Quant à Rhadamanthe, il était certainement un homme de bien, car il fut formé par Minos. Il ne fut point formé cependant à tout l’art royal, cmais à une partie auxiliaire, à savoir, la présidence des tribunaux[3]. De là provient sa réputation de bon juge. C’est à lui que Minos confia la garde des lois dans la ville ; pour le reste de la Crète, ce fut à Talos. Talos parcourait trois fois l’an les bourgs, veillant à ce qu’on y observât les lois et il portait ces lois gravées sur des tablettes de bronze, ce qui lui valut le surnom d’homme de bronze[4].

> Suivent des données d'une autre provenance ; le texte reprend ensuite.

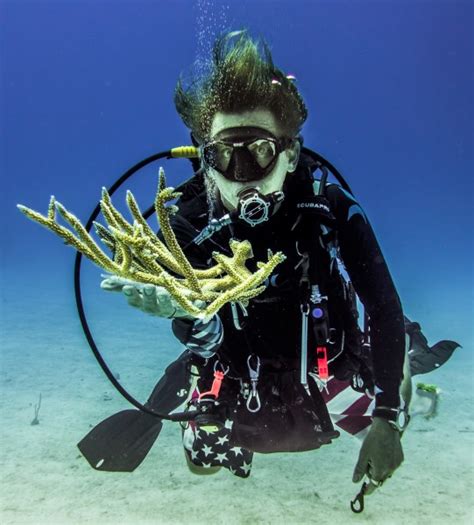 Grand Cayman Eco Divers
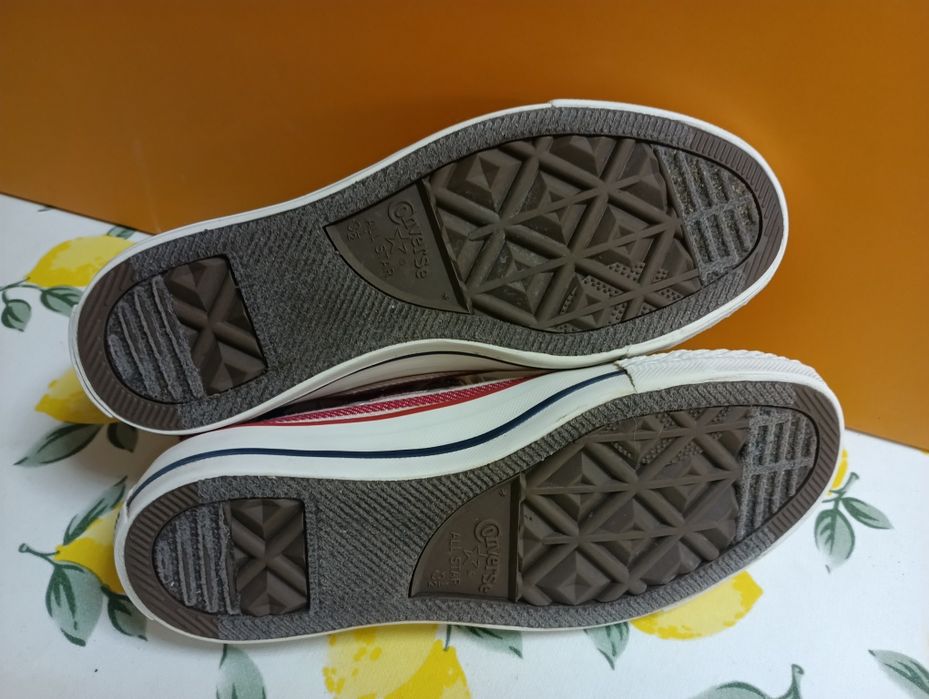 Converse N 36 - 27 лв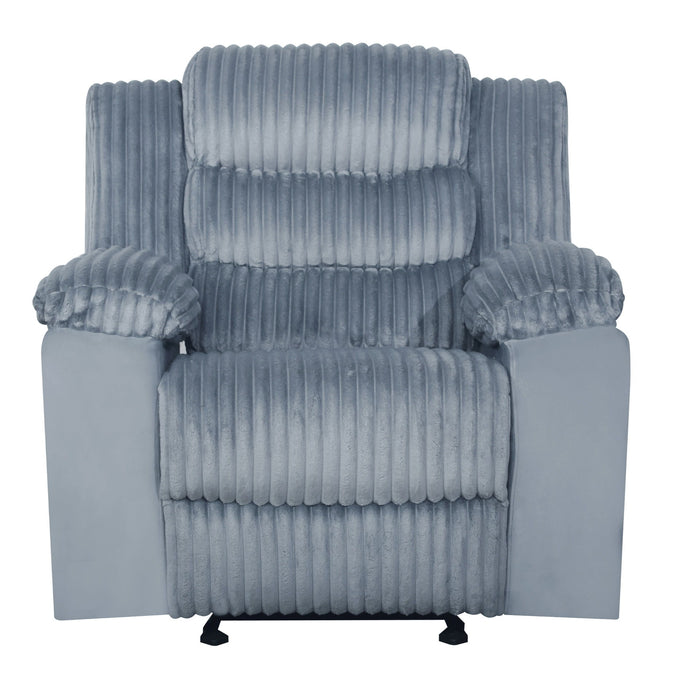 Willow - Glider Recliner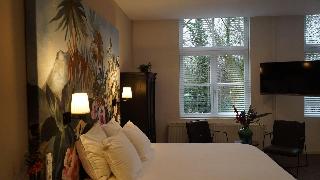 Hotel Hoevevoorde fotoÄŸrafÄ±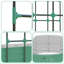 Metal Raised Garden Bed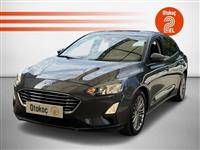 Ford İkinci El Araç Görseli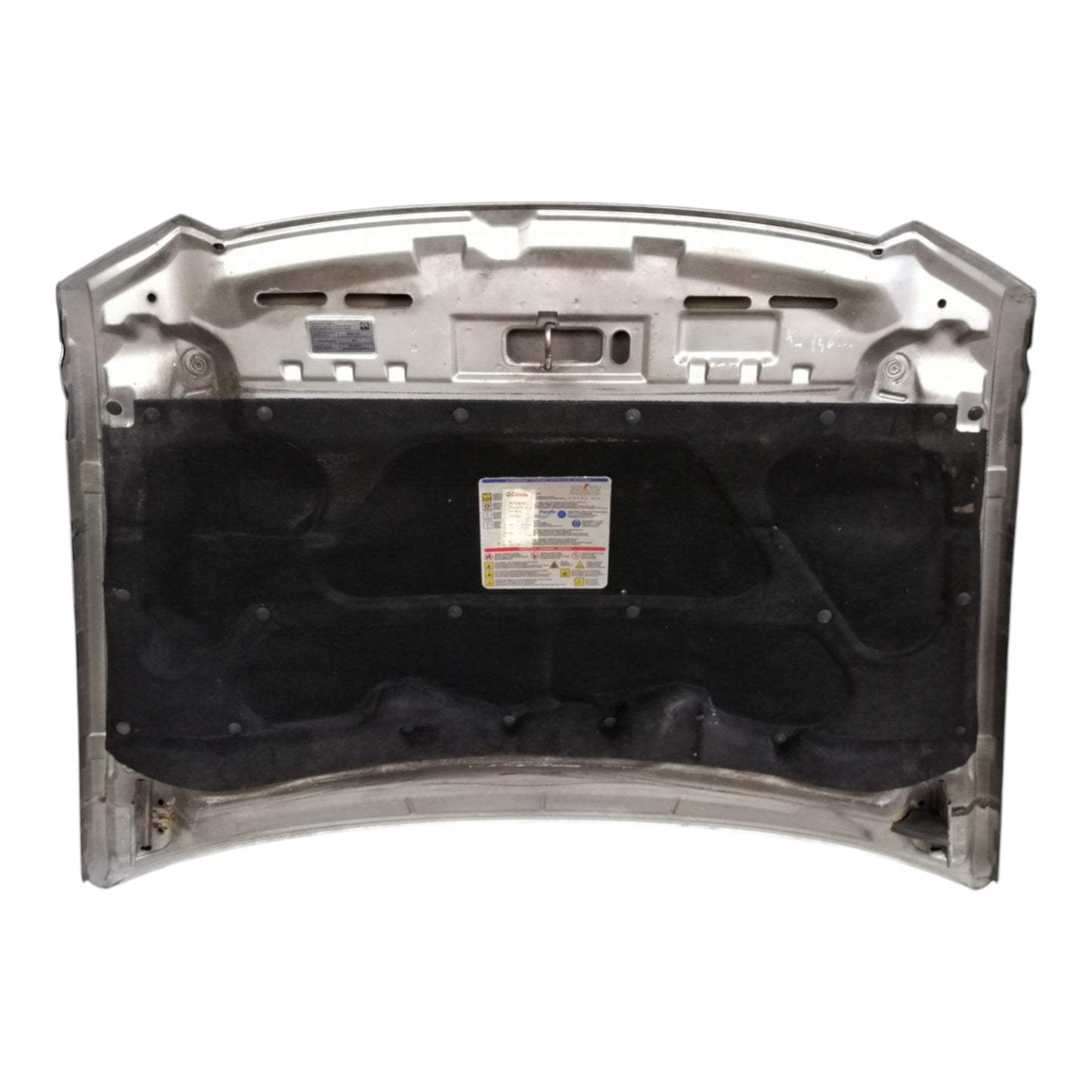 Cofano Anteriore FIAT STILO Berlina SW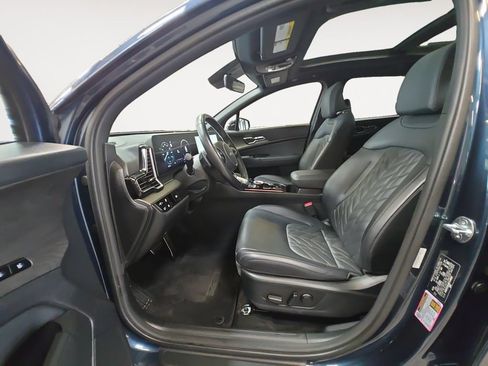 Used 2024 Kia Sportage X-Line Prestige AWD/4WD image 11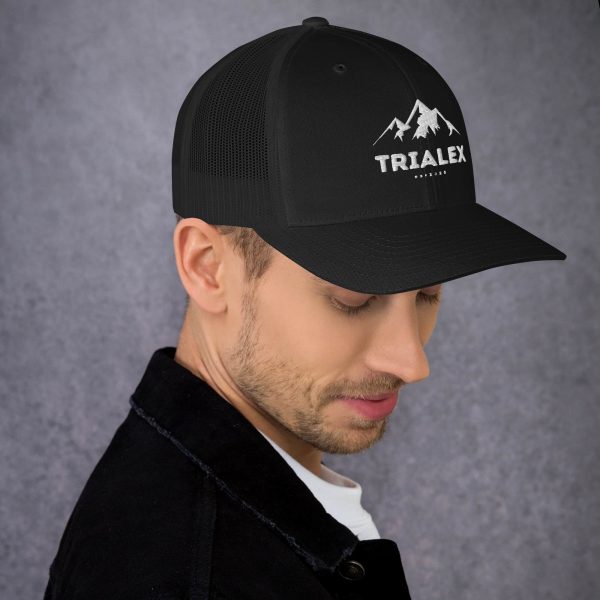 Trucker Cap - Image 3
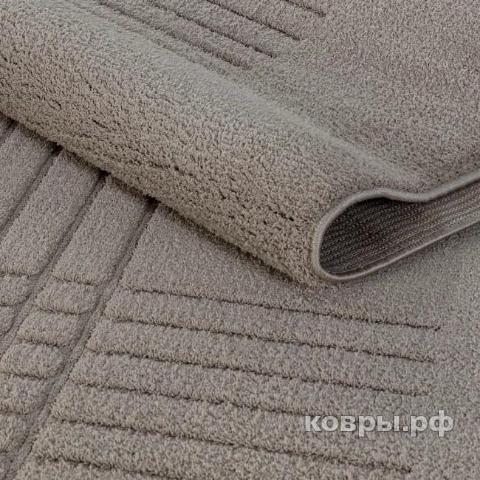 ковер OZ KAPLAN Sofia 0E389A Beige-Beige — фото 3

  1. Sur cette abstention des banquets et du vin, à Cnosse et à Lacédémone, cf. Lois, I, 636 et suiv. Platon blâme cette proscription absolue et veut, au contraire, qu’on utilise les banquets comme moyen d’éducation.
  2. « …Ce n’est pas sans raison que les lois de Crète sont renommées chez tous les Grecs ; elles sont bonnes, en effet, puisqu’elles rendent heureux ceux qui les observent » (Lois, I, 631 b).
  3. Cf. Politique, 305 c.
  4. Sur la légende de Talos, cf. Apollodore, Biblioth., I, 26.